About parol
parol is a LL(k) parser generator for Rust written in Rust with the following features
- Generated parsers are table driven. They are no bunch of recursive functions as often seen in practice. Instead they are true push down automata (PDAs).
- Generated parsers are predictive, i.e. they implement a non-backtracking parsing technique. This often results in much faster parsers.
- Generated parsers use a flexible lookahead for each non-terminal; they use only as much lookahead as needed.
- Generated parsers are clean and easy to read. Terminal names are automatically deduced from the grammar description.
- Rule selection is done by one deterministic finite lookahead automaton for each non-terminal.
- The lexer and the parser is generated from one single grammar description file. Semantic actions are strictly separated from the grammar definition.
- Sematic actions are generated for each production as stubs in a special trait with empty default implementations. The user can implement this trait for his grammar processing item and overwrite needed actions. This provides a loose coupling between your language definition and the language processing.
- The grammar description is provided in a Bison/Yacc-like style with additional features known from EBNF such as grouping, optional elements and repetitions.
- The grammar description supports definition of language comments via %line_comment and %block_comment declarations.
- The crate provides several tools for grammar analysis, transformation and parse tree visualization to support your grammar implementation.

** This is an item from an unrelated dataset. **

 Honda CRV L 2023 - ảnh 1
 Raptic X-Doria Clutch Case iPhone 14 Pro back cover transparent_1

- The parser generator detects direct and indirect left recursions in your grammar description.
This project contains some introductory grammar examples from entry level up to a more complex C-like expression language and an acceptor for Oberon-0 grammar.
Two of the examples describe the principles of language processing by using semantic actions in the way parol advocates it.

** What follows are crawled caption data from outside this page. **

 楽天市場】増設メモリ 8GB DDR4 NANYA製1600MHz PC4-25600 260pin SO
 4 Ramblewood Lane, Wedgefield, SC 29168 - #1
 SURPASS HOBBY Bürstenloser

Last but not least parol's parser for its own input language is generated by parol itself. So this application of language processing is an additional and very practical example.

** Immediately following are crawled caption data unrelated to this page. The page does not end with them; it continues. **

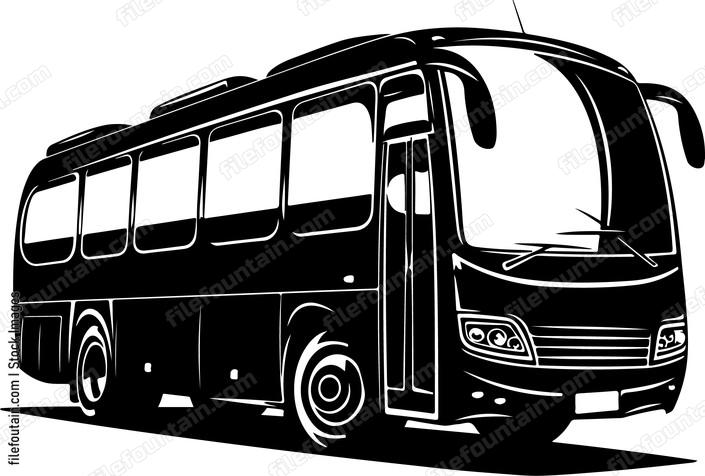 Charter Bus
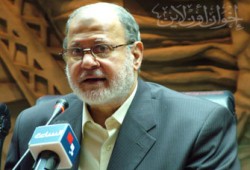 د. محمد حبيب يطالب بسرعة فك الحصار عن غزة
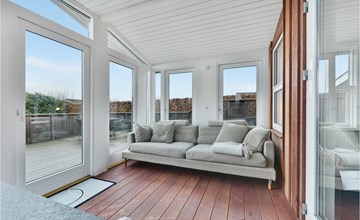 2 bedroom gorgeous home in Kerteminde 3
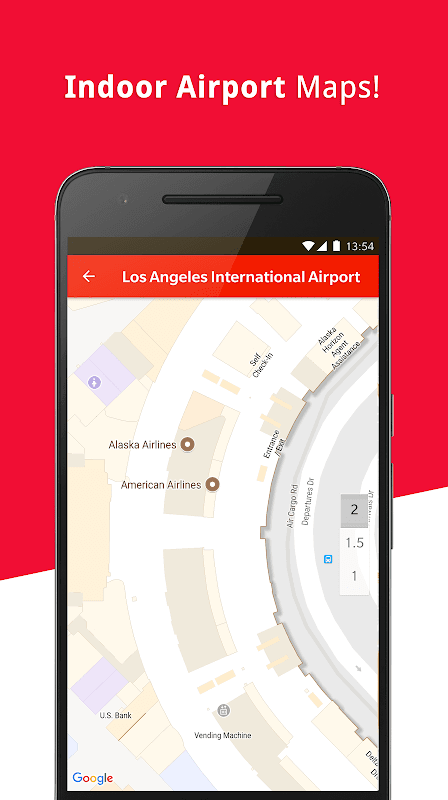 Flight Tracker - Flight Radar screenshot 6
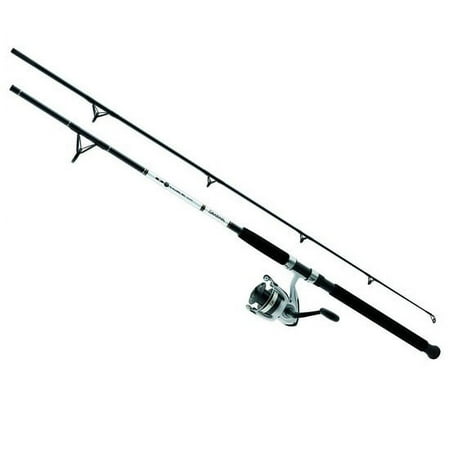 Daiwa D-wave Spinning Combo 4500-sz Reel 7 Medium No Line 1rb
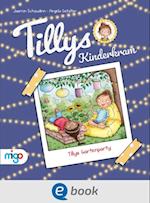 Tillys Kinderkram. Tillys Gartenparty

It's worth mentioning that there exists another opportunity to process the parse result.
The parse tree the parser generates can be processed by user created tools too. So no one is tied to parol's approach to semantic actions although this approach is easy and compelling.
How parol works
parol first transforms the input grammar into an expanded form where optional expressions, groups and repetitions are substituted by equivalent production sets. Then it analyzes this pre-transformed input grammar for several properties that prevent a successful processing. Those properties are
- Left-recursions
- Non-productive non-terminals
- Unreachable non-terminals
If there are no objections against the input grammar the next step is to left-factor the grammar that was produced by the previous expansion. This step is crucial for decreasing the number of necessary lookahead symbols.
This finally transformed grammar is the basis for the parser generation and can or better should be written to file for later reference. By convention this expanded grammar is stored to files names <original-name>-exp.par. Thus it is often useful to use this expanded grammar with any tool, because it is checked and left-factored. Also because this processed grammar is the basis for parser generation, you have to use it in this form in your grammar processing backend.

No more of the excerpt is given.